Start of Record extracts

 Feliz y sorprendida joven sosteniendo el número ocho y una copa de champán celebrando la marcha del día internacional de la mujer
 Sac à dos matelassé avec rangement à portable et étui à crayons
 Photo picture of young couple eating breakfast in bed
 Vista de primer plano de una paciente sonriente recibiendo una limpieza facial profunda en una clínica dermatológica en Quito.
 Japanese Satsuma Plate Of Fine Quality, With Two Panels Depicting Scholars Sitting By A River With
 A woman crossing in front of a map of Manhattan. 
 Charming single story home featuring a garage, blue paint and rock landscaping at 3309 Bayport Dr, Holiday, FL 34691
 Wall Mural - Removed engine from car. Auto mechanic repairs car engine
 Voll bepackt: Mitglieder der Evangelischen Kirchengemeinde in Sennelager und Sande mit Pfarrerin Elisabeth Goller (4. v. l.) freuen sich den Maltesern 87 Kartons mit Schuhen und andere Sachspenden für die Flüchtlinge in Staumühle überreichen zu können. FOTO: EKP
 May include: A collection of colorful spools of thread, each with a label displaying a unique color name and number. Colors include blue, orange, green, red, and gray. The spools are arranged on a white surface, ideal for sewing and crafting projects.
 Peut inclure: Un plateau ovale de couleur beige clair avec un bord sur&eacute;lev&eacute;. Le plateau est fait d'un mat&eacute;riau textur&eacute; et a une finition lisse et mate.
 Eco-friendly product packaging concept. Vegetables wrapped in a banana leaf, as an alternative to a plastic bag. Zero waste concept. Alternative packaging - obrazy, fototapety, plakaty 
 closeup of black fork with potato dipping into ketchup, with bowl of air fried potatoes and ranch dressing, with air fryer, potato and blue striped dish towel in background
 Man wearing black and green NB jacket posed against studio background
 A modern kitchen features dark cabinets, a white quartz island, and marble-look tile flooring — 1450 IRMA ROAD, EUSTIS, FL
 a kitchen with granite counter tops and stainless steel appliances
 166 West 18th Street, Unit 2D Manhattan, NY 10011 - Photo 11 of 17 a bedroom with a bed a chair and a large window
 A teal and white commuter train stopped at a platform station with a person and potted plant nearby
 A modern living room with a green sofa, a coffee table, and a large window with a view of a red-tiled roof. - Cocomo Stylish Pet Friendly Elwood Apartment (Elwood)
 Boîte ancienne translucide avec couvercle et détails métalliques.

End of Record extracts

- _What to do_: Above are the entries; repeat their lines exactly, from the first through the one that contains "Photo picture of".

- _Output of the exercise_:
 Feliz y sorprendida joven sosteniendo el número ocho y una copa de champán celebrando la marcha del día internacional de la mujer
 Sac à dos matelassé avec rangement à portable et étui à crayons
 Photo picture of young couple eating breakfast in bed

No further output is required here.